In September 2017 this resulted in a trial of the new method. A team was embedded in the Whittle and given four Rolls-Royce technologies to develop (two from Rolls-Royce UK, one from Rolls-Royce US and one from the Whittle Lab). The results were astonishing. In 2005 a similar trial took the Whittle two years, and we weren't bad at it. In 2017, the agile testing method took less than a week, demonstrating a factor of 100 improvement in time and cost.

Based on these trials the UK government's Aerospace Technology Institute, Cambridge, Rolls-Royce, Mitsubishi, Siemens and Dyson have committed the investment necessary to build a new National Centre for Propulsion and Power in Cambridge, and the industrial partners have committed to funding research within that Centre. The National Centre has the aim of scaling this agile testing capability to around 80% of the UK's future need for decarbonisation.

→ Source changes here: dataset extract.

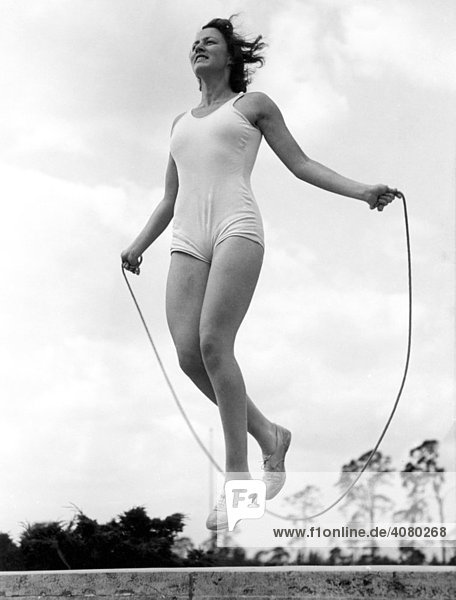 Historical image  woman jumping rope  ca. 1940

The National Centre will be located adjacent to the existing Whittle Laboratory on the West Cambridge site. In addition, the proposed development includes an upgrade to the current Whittle Laboratory involving the building of new offices and workshops. Central to the new development will be a Propulsion and Power Challenge Space. This space will allow teams from across the University to co-locate with industry with the aim of developing the technologies necessary to decarbonise the propulsion and power sector. The development is integrated closely with the University's Carbon Neutral Futures Initiative.

We are at a pivotal moment, both in terms of Cambridge's history of leading technology development in propulsion and power, and in terms of humanity's need to decarbonise the propulsion and power sectors. The Whittle Laboratory has demonstrated a unique international capability and, in partnership with the Aerospace Technology Institute, Rolls-Royce, Mitsubishi, Siemens, and Dyson, this has been developed into a world-leading project. We either do what Cambridge has always done, and step up to the challenge, or we allow our legacy, based on the work of Frank Whittle and Charles Parsons, to wither and die.

Just as fifty years ago, at the opening of the current Whittle Laboratory, Cambridge and its industrial partners faced the challenge of making the dream of mass air travel a reality, I believe that today the new Whittle Lab project will ensure that Cambridge, and its industrial partners, will lead the challenge of decarbonising the world's propulsion and power sectors.

Mr M. Llavero Pasquina (Girton College) read by the Senior Pro-Proctor:

Deputy Vice-Chancellor, I believe Regent House, the Council and the Planning and Resources Committee are woefully uninformed to take the decision to approve this project. Or this Report is utterly misleading.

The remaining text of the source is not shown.